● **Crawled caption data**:
[Start of Attachment]
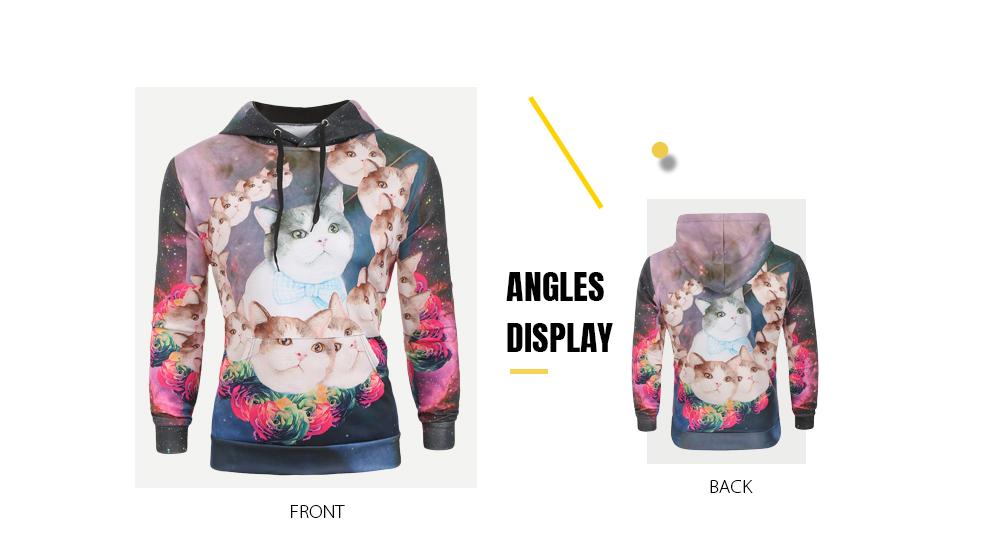 Galaxy Cats Flowers Print Pullover Hoodie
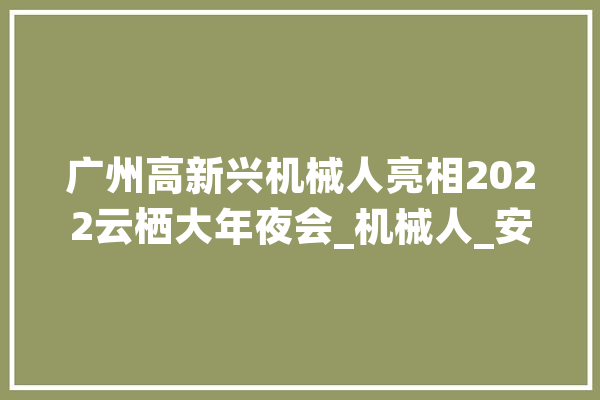 广州高新兴机械人亮相2022云栖大年夜会_机械人_安防 科技快讯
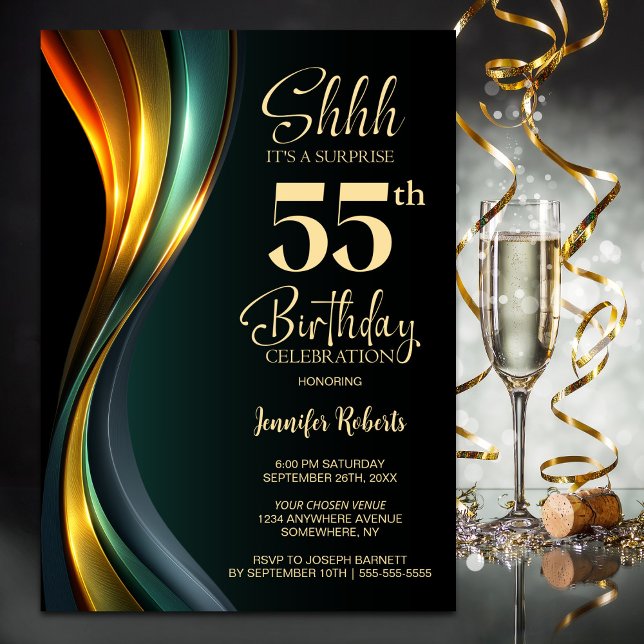 Invitación Modern Black and Gold Surprise 55th Birthday Party (Subido por el creador)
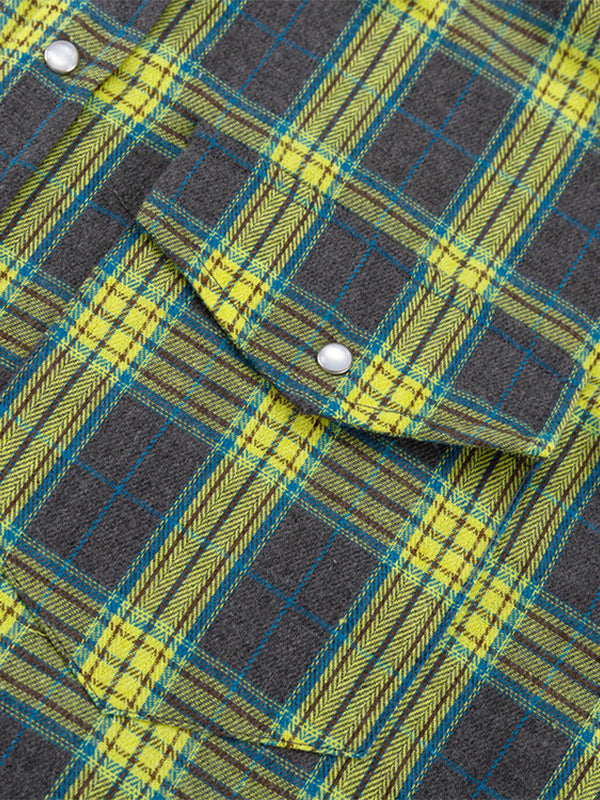 Vintage Plaid Print Long Sleeve Blouse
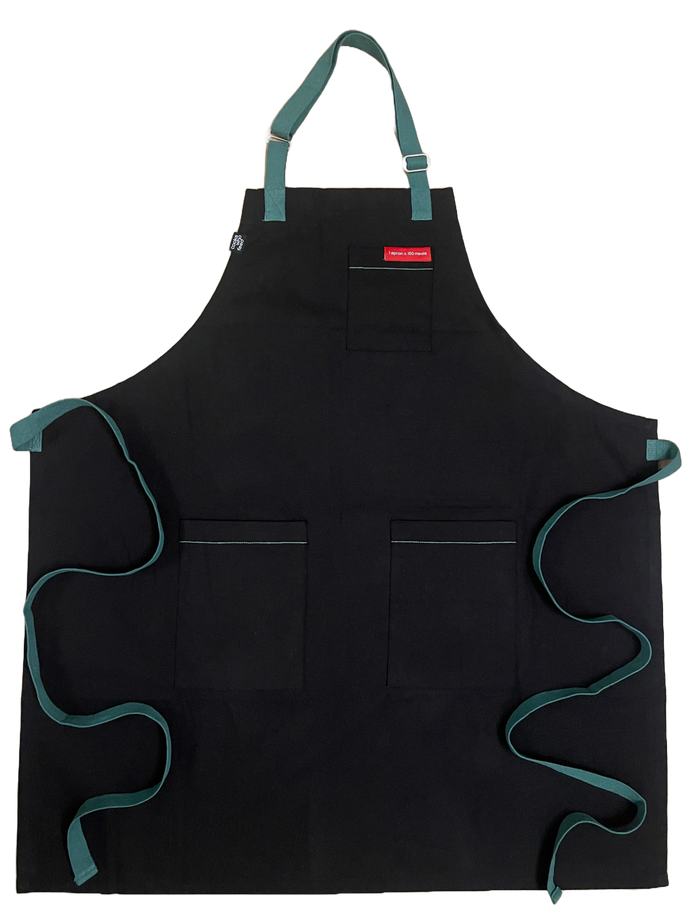 Black Apron with Sage straps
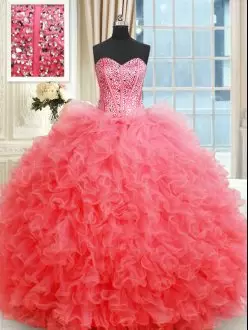 Eye-catching Sweetheart Sleeveless Organza Quinceanera Dresses Beading and Ruffles Lace Up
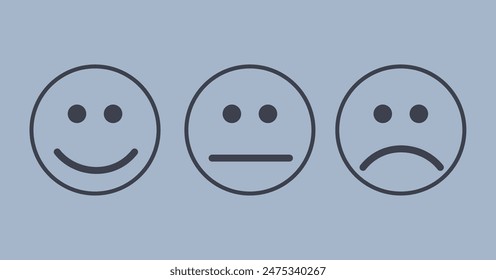 Smiley emoticons icon positive, neutral and negative. Vector illustration in flat style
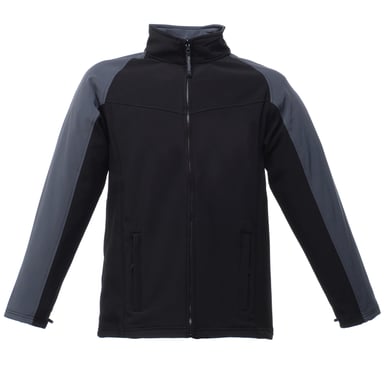 Regatta Uproar Mens Softshell Wind Resistant Fleece Jacket (Schwarz/Siegel Grau)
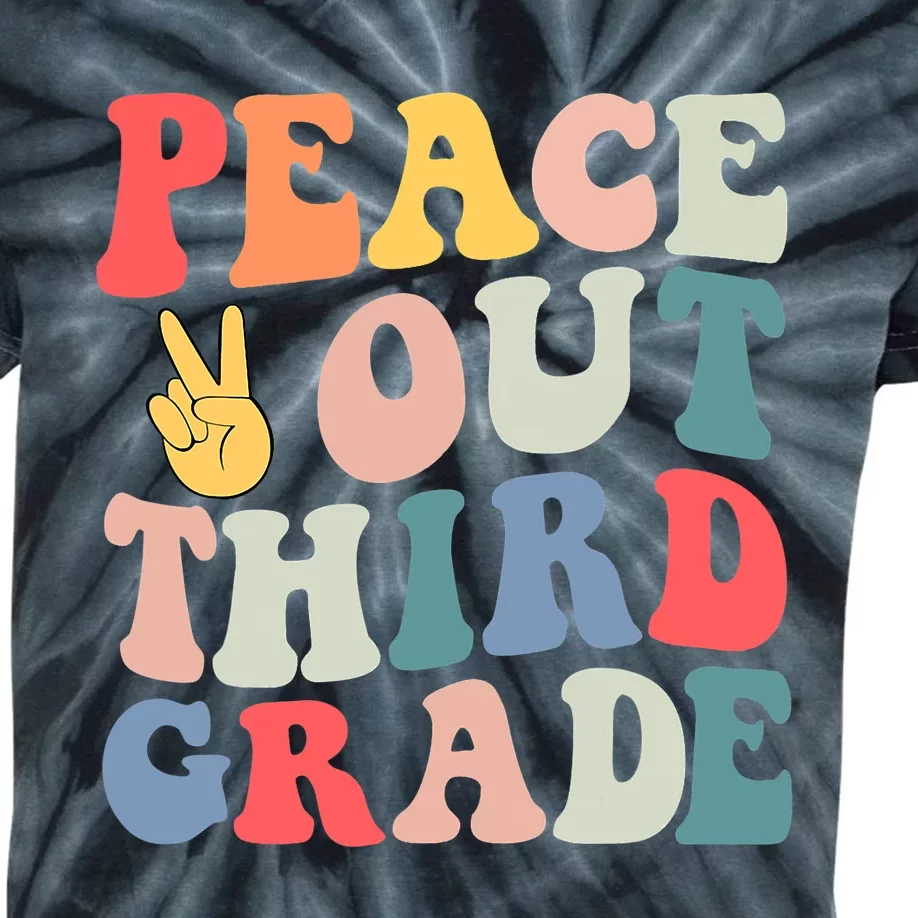 Peace Out 3rd Grade Retro Pastel Happy Last Day Out School Kids Tie-Dye T-Shirt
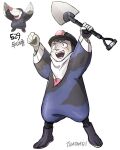  1boy absurdres artist_name bandaid bandaid_on_face bandaid_on_nose black_hair drilbur gloves helmet highres holding holding_shovel male_focus official_art_inset personification pokemon pokemon_(creature) reference_inset shoes short_hair shovel simple_background smile solo tamtamdi white_gloves 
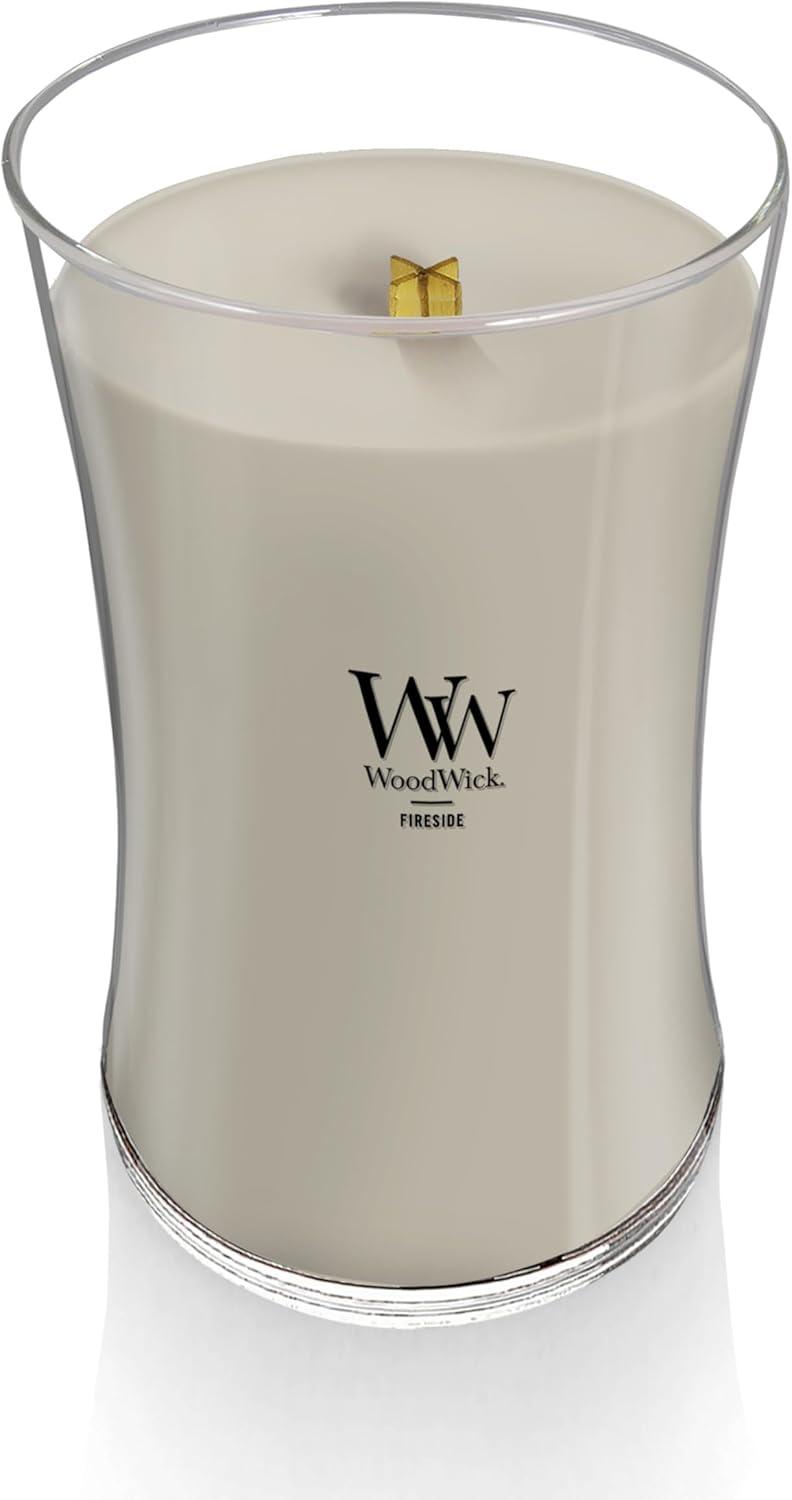Woodwick Large Hourglass Candle, Fireside, 21.5 oz.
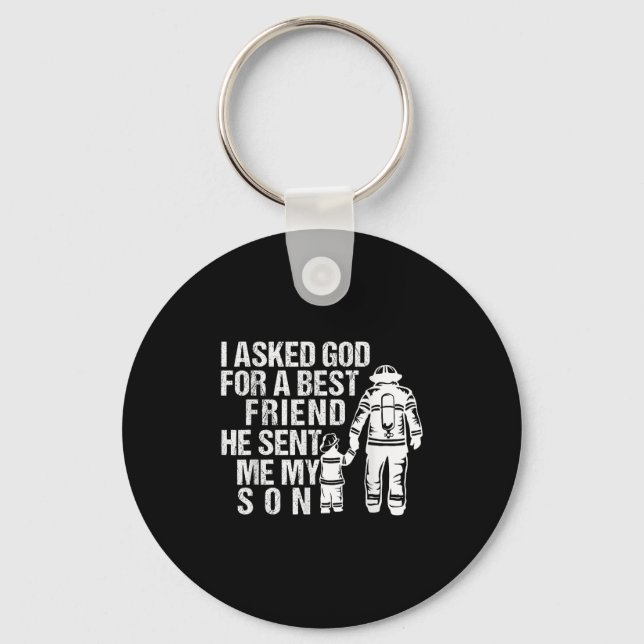 Firefighter Dad Son Quote New Daddy Fireman Dad Fa Schlüsselanhänger (Vorderseite)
[End of Attachment]
● **Problem**:
Start with the line holding "1boy absurdres artist_name" and repeat exactly every line through the final line of the records above, but no pictures and nothing more.

● **Result of this exercise**:
  1boy absurdres artist_name bandaid bandaid_on_face bandaid_on_nose black_hair drilbur gloves helmet highres holding holding_shovel male_focus official_art_inset personification pokemon pokemon_(creature) reference_inset shoes short_hair shovel simple_background smile solo tamtamdi white_gloves 
Woodwick Large Hourglass Candle, Fireside, 21.5 oz.
 Firefighter Dad Son Quote New Daddy Fireman Dad Fa Schlüsselanhänger (Vorderseite)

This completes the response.